● **Scraped caption text data**
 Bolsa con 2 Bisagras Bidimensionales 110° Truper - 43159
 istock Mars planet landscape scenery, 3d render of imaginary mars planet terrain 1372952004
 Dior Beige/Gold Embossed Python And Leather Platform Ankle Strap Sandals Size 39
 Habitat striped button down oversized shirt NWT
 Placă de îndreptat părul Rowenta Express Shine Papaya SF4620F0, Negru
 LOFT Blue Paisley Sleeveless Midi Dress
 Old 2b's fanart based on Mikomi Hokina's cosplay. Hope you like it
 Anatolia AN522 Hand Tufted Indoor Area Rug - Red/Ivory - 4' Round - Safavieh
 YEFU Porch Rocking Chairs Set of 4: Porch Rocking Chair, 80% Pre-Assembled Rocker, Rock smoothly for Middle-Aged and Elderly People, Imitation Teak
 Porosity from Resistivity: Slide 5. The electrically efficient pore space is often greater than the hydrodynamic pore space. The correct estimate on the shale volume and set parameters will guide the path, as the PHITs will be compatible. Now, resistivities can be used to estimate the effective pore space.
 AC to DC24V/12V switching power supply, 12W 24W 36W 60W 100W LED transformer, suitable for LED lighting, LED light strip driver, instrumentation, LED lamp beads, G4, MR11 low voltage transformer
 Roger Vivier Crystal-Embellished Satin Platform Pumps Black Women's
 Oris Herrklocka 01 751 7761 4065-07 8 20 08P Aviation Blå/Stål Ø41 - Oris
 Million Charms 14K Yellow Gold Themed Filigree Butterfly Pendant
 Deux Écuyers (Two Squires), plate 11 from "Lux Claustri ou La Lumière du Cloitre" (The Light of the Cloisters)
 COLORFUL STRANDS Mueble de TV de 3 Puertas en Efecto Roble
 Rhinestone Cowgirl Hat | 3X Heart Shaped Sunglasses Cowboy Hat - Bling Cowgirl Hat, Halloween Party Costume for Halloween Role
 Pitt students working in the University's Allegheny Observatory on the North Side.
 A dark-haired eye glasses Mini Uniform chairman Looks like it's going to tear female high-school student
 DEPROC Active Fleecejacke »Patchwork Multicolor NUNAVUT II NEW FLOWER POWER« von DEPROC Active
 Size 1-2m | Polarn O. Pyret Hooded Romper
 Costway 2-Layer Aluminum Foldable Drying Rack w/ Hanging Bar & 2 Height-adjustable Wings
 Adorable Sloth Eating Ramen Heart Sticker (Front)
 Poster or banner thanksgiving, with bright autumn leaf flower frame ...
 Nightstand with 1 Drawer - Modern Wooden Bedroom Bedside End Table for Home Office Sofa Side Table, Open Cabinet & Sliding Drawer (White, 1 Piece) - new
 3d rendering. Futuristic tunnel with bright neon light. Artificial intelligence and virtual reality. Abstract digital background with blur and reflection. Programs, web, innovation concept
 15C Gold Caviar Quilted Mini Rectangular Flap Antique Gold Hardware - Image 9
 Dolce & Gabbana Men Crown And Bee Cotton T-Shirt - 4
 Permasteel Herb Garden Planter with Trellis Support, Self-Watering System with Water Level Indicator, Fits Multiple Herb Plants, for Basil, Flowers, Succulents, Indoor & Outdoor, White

● **Task**
Looking at the data above, how many lines hold the string "bright"? Reply with only the number.

● **Task result**
2